The control unit 20 performs the switch of the display of the display unit 19, the conversion of the music data reproduced by the reproduction device 14 and various operations, the control of the operation of the reproduction device 14 or the sound processing unit 24, or the like according to an instruction input from the user input unit 18.

The control unit 20 includes a CPU, various processors, and program memory. The control unit 20 executes the fast-forwarding process which is characteristic in the present embodiment.

The storage unit 22 includes a storage medium such as a memory or a hard disk, for storing music data, information corresponding to each piece of music data, image data, a various types of control data, or the like. The storage unit 22 also stores a table necessary for control by the control unit 20, that is, information such as predetermined parameters.

The sound processing unit 24 performs a predetermined process with respect to a plurality of pieces of input sound data such that the plurality of pieces of input sound data is heard by the sense of hearing so as to be separately audible by the user. The plurality of pieces of input sound data is different parts of the same input sound data in the present embodiment. In more detail, the sound processing unit 24 performs a predetermined filter process with respect to each of the plurality of pieces of input sound data so as to generate a plurality of sound signals (output sound data) heard by the sense of hearing so as to be separately recognized. The details of the operation of the sound processing unit 24 will be described later.

The down-mixer 26 mixes the plurality of sound signals subjected to the predetermined filter process so as to generate an output signal having a desired number of channels.

The output unit 27 includes a D/A converter for converting digital sound data into an analog sound signal, an amplifier for amplifying the output signal, and an output terminal.

The output device 30 includes an electrical acoustic conversion unit for acoustically outputting the mixed sound signal and, in detail, includes a (internal or external) speaker, headphones, and earphones. In the present specification, the term “speaker” is not limited to a speaker and may be any electrical acoustic conversion unit. Although the output device 30 is shown as an external device of the sound processing device 16, it may be mounted in the sound processing device 16.

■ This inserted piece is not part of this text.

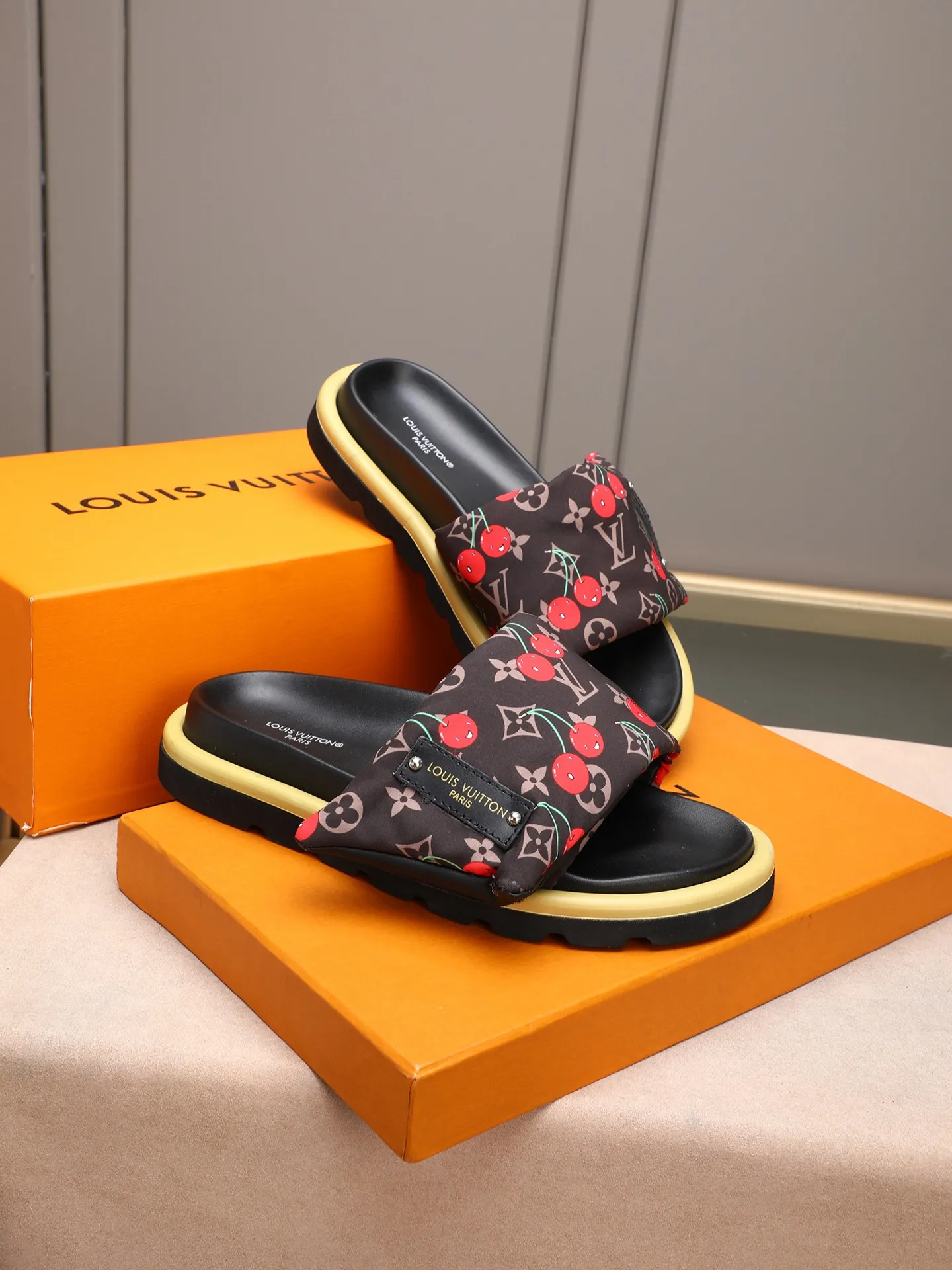 PP360 [LOUIS VUITTON] Louis Vuitton, LV printing, men's and women's slippers are on the market. The drawer box packaging comes with a cloth bag and a card. The upper pattern looks very soft and waxy, and it is a super versatile leg slimming tool. Fabric: imported denim/canvas/old fabric, LV hardware LOGO, official website pattern printing, comfortable to wear, feet: high-elastic PU water table. Sole: foam sole, heel height: about 5cm. Code number: 35-46, 35, 45, 46 are custom-made and non-returnable. Color: multiple colors and styles available.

The sound processing system 10 corresponds to a personal computer, a music reproduction apparatus such as a mobile music player, or an IC recorder. This system may be integrally configured or may be configured by the local connection of a plurality of units.

In addition, the format of the music data stored in the storage device 12 is unimportant. The music data may be encoded by a general encoding format such as MP3.

The down-mixer 26 mixes the plurality of input sound signals after performing various adjustments as necessary and outputs as output signal having a predetermined number of channels, such as monaural, stereo or 5.1 channel. The number of channels may be fixed or may be switched by the user using hardware or software.

In the auxiliary information of the music data stored in the storage unit 22, any general information such as song title, artist name, an icon or a genre of song corresponding to a piece of music data may be included. Further, some of the parameters necessary for the sound processing unit 24 may be included. The information about the music data may be read and stored in the storage unit 22 when the music data is stored in the storage device 12. Alternatively, the information may be read from the storage device 12 and stored in the storage unit 22 whenever the sound processing device 16 is operated.

Now, the sound separation process of allowing one user to separate and listen to a plurality of pieces of music data or music data parts, which is simultaneously reproduced, will be described.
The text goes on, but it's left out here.